Problem description →
Below are the records; return every line from the one that contains "Now we want" to the last, exactly, skipping the pictures.

Records for processing →
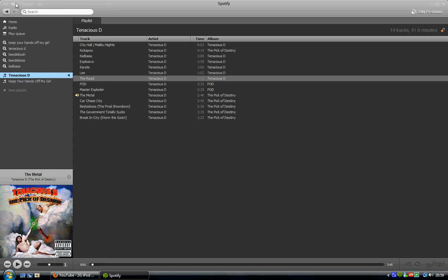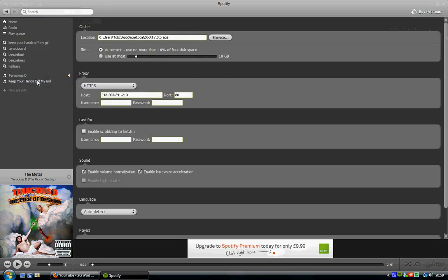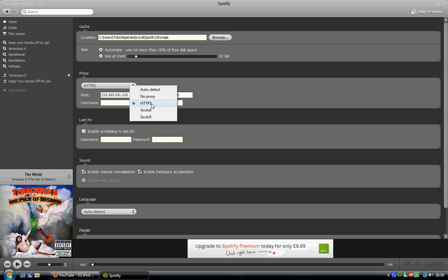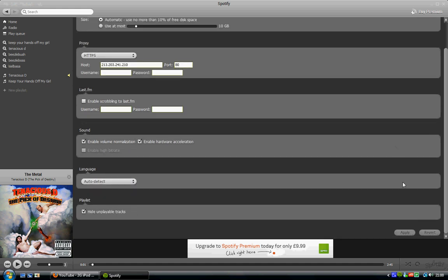Spotify and you go to Edit, Preferences, change the proxy configuration to HTTPS. In the host write 213.203.241.210 and the port to 80. Then scroll down, click Apply, go to File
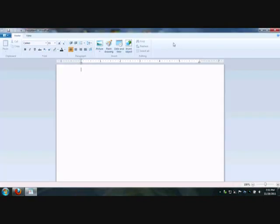Now we want to practice and type something in there. For practice, we'll type Hello World.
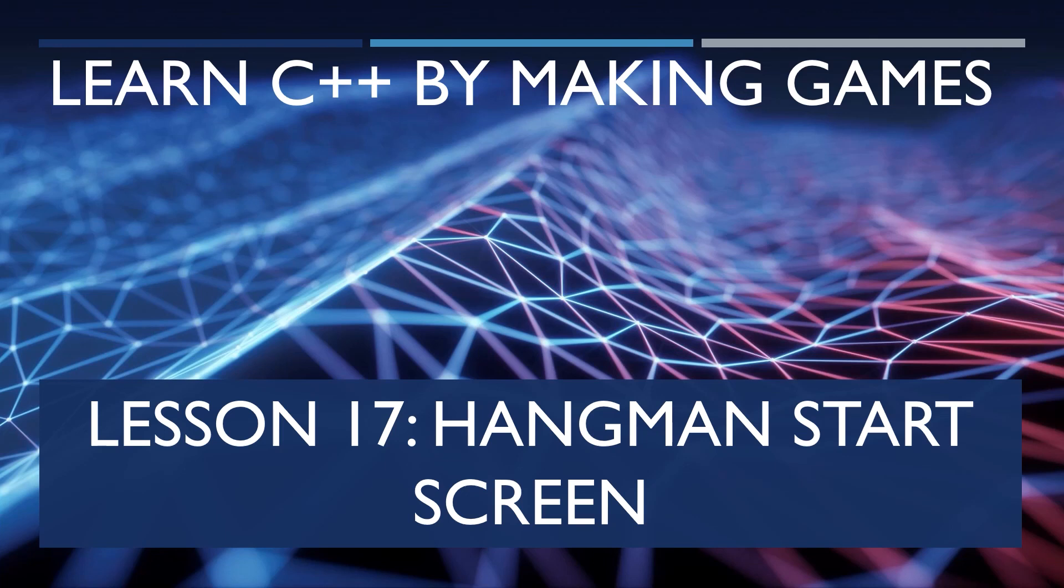Hi everyone, Zach here, and welcome to Lesson 17 of the series, Learning C++ by Making Games. In this video, we will make our start screen based off the pseudocode we completed in the last video. This video and this series have been brought to you by my Patreon sponsors like Nemean Games. That said, open up your new project, and let's get started!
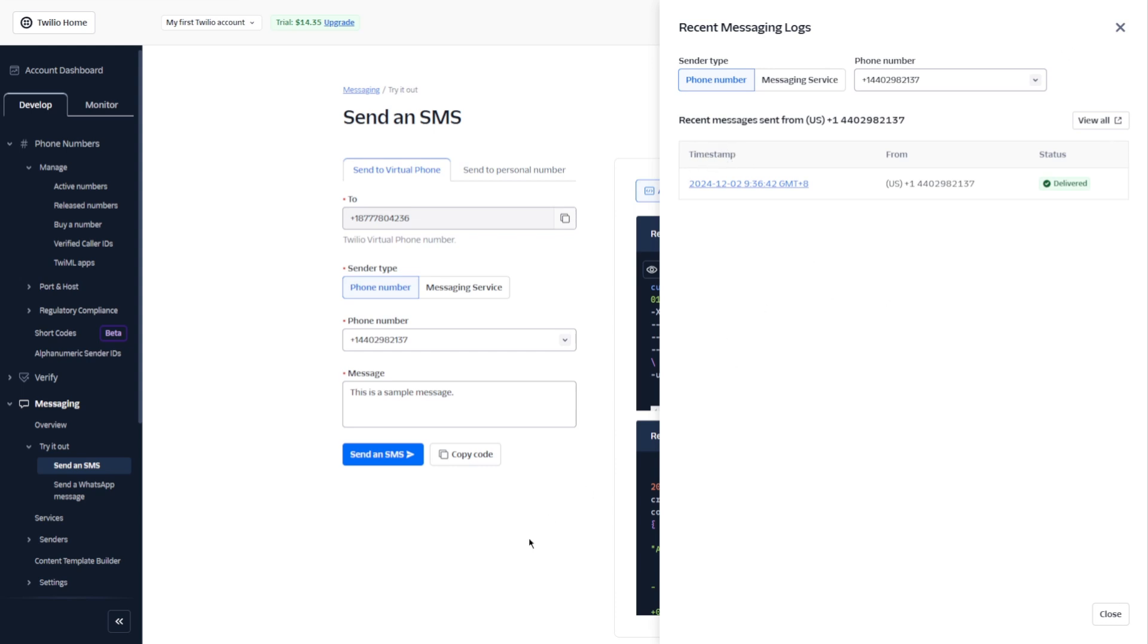So that's it for this video, guys. This is how you can easily set up your SMS automation with Twilio. I hope this video is helpful for you. Thank you for watching and I will see you on the next one.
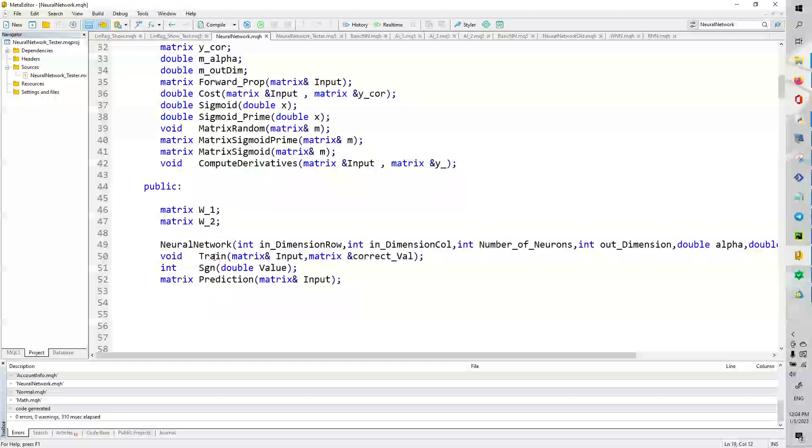We have a train function, which takes an input and the correct Y matrix. We have the sigmoid function, and we have the prediction function that allows us to predict with our neural network.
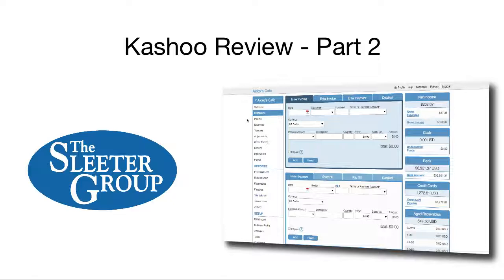In this video, I'll talk about banking, payroll, reports, getting data in and out, sales taxes, accounting tools, mobile apps, support, and finally present my overall opinion of Cashew.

Solution to the problem →
Now we want to practice and type something in there. For practice, we'll type Hello World.
Hi everyone, Zach here, and welcome to Lesson 17 of the series, Learning C++ by Making Games. In this video, we will make our start screen based off the pseudocode we completed in the last video. This video and this series have been brought to you by my Patreon sponsors like Nemean Games. That said, open up your new project, and let's get started!
So that's it for this video, guys. This is how you can easily set up your SMS automation with Twilio. I hope this video is helpful for you. Thank you for watching and I will see you on the next one.
We have a train function, which takes an input and the correct Y matrix. We have the sigmoid function, and we have the prediction function that allows us to predict with our neural network.
In this video, I'll talk about banking, payroll, reports, getting data in and out, sales taxes, accounting tools, mobile apps, support, and finally present my overall opinion of Cashew.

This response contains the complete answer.